Spurred into action by Embraer's success, its rivals are responding. Boeing converted passenger jets, such as the 737, for private use. Its wholly-owned subsidiary, Aviall, one of the largest providers of aviation parts and aftermarket services in the industry, plans to open an office in India this year to take advantage of lower manufacturing costs and distribution opportunities.

Power is also shifting to new challengers in the mobile communications industry. Two of the world's top-10 telecoms firms by market capitalisation are in emerging markets, including the world's largest mobile-phone operator, China Mobile.

Companies such as Orascom of Egypt and Mobile TeleSystems of Russia now constitute almost 60 per cent of the world's share of mobile communications' market value, which was $1.1 trillion in 2007, according to a report by consultancy Oliver Wyman.

Consider Orascom's expansion drive. It operates in nine countries in the Middle East and Africa. It is listed in Cairo, but has a secondary listing in London, from where it runs its international business. Egyptian entrepreneur Naguib Sawiris controls Orascom through his investment vehicle, Weather Investments.

In 2005, Weather bought Wind, Italy's third-largest mobile operator, from Italian energy company Enel, in a deal worth €12.2 billion. Weather then bought Tim Hellas, Greece's third-largest mobile operator, from private-equity firms Texas Pacific Group and Apax, in a deal worth €3.4 billion.

China Mobile has a firm grip on 70 per cent of its home market, which has 369 million customers and growing. It has just opened an office in London to direct expansion into European, Middle Eastern and African markets. It also aims to sell services to Chinese users abroad, targeting business executives and tourists.

These challengers from Asia and the Middle East believe their western rivals can learn from them. "Multinationals from emerging markets are usually very efficient from capital expenditure and operating expenditure perspectives, in order to be profitable in markets with low or declining average revenues per user," says Orascom chief technology officer Tamer El Mahdy.

One way of dealing with the challenge of an emerging market company is to buy that company. Orascom's success has made it an object of takeover speculation from a number of European companies, including Deutsche Telekom, Vodafone, Spain's Telefónica and France Telecom.

Vodafone, the world's largest mobile operator by revenue, built its global footprint through a series of acquisitions and strategic alliances.

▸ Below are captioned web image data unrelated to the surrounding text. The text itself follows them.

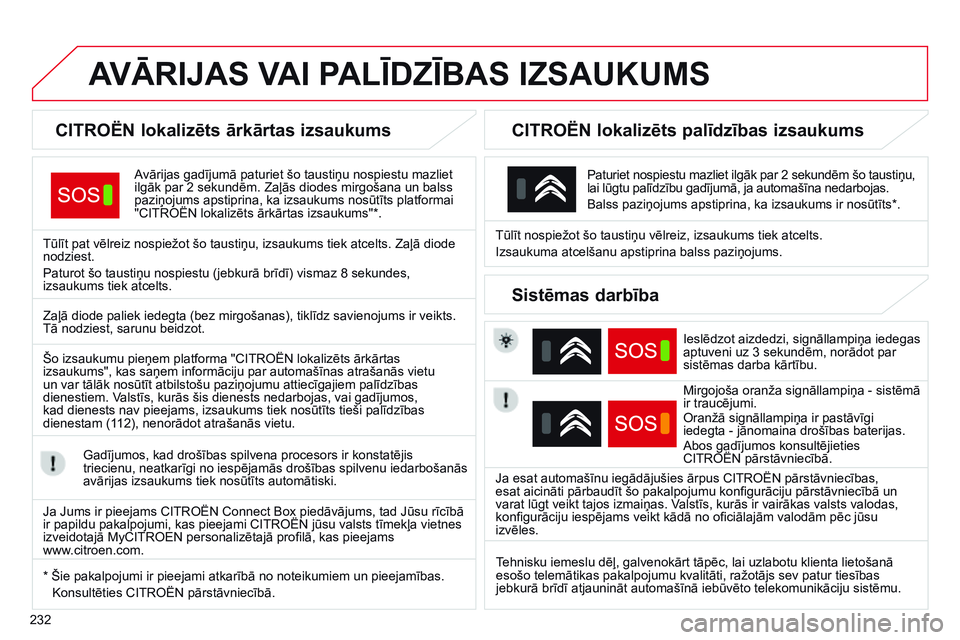 CITROEN C4 CACTUS 2015  Lietošanas Instrukcija (in Latvian) 232
C4-Cactus_lv_Chap12a_Bta_ed02-2014
AVĀRIJAS  VAI   PALĪDZĪBAS   IZSAUKUMS
CITROËN lokalizēts ārkārtas izsaukums
Avārijas gadījumā paturiet šo taustiņu nospiestu mazliet 
ilgāk par 2 s CITROEN C4 CACTUS 2015  Lietošanas Instrukcija (in Latvian) 232
C4-Cactus_lv_Chap12a_Bta_ed02-2014
AVĀRIJAS  VAI   PALĪDZĪBAS   IZSAUKUMS
CITROËN lokalizēts ārkārtas izsaukums
Avārijas gadījumā paturiet šo taustiņu nospiestu mazliet 
ilgāk par 2 s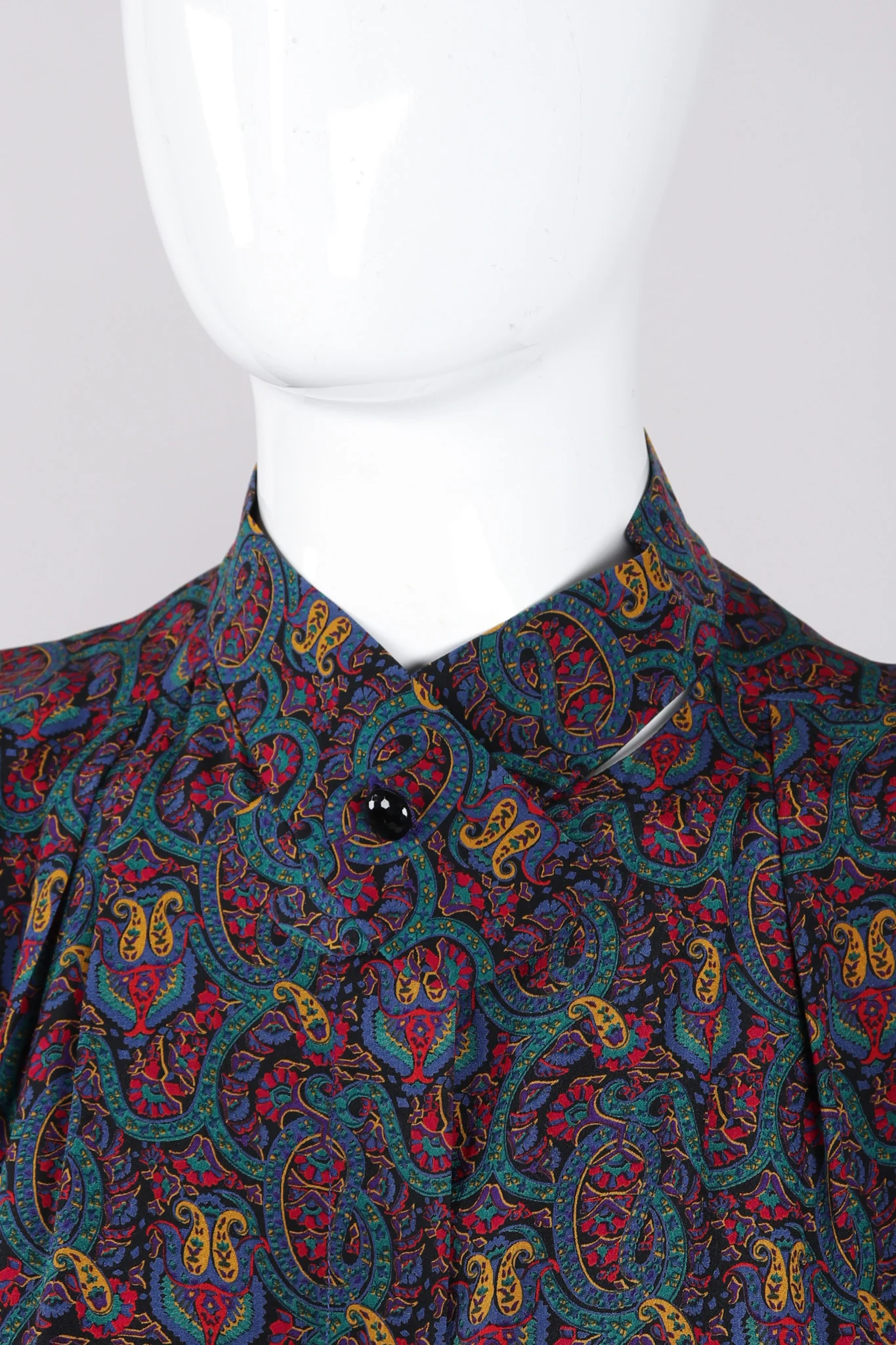 Silk Paisley Print Blouse & Skirt Set - Image 10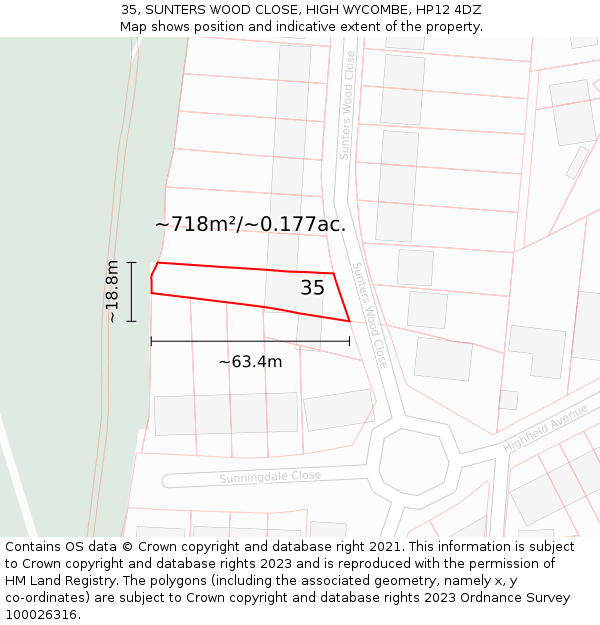 35, SUNTERS WOOD CLOSE, HIGH WYCOMBE, HP12 4DZ: Plot and title map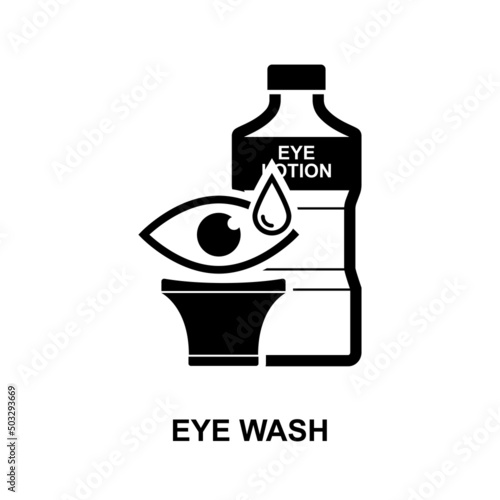 Eye wash icon isolated on white background vector illustration.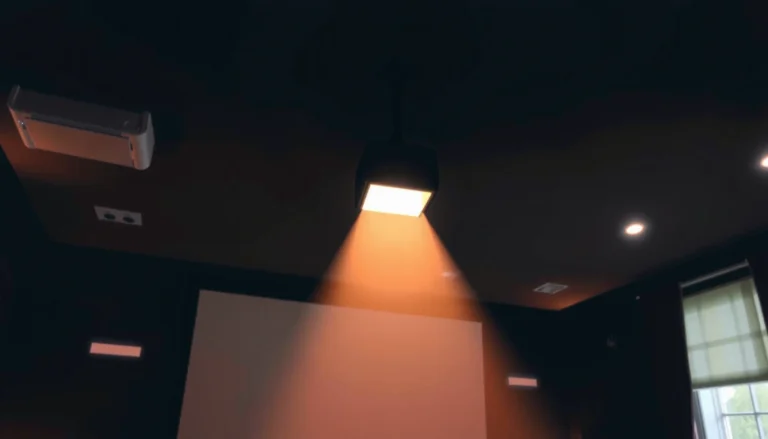 Illustration showing how far off center a projector can be placed for optimal viewing.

Analysts say it could apply its successful European growth strategy to emerging markets. That was clearly the logic behind its decision to buy a 3.3 per cent stake in China Mobile in 2002. Although only a minority stake, the message is clear: go straight to the lion's den.

Zhang Ruimin of Haier is not about to let a western competitor have a say in his company, however. His policy is to invest profits in new markets. Haier set up factories in the US in 2000 so that it could be in one of the world's most important markets, and to ensure it remained independent.

Haier now competes with the likes of Electrolux, the world's second-largest home appliance producer, particularly at the lower-cost end of the market.

Electrolux chief executive Hans Straberg says the challenge from these new competitors forced the Swedish appliance maker to reorganise to become more competitive at both the high and low ends of the market.

Arthur Kroeber of the Dragonomics research group says emerging multinationals have the advantages of low costs and being well-placed in the world's fastest-growing markets. But they have a long way to go before they can compete at all levels with their western competitors.

"In certain traditional manufacturing industries, high-cost western producers will have to go out of business," he says. "In others, such as telecoms equipment, Chinese competition is leading to consolidation among the incumbents, but those incumbents retain a strong technological edge."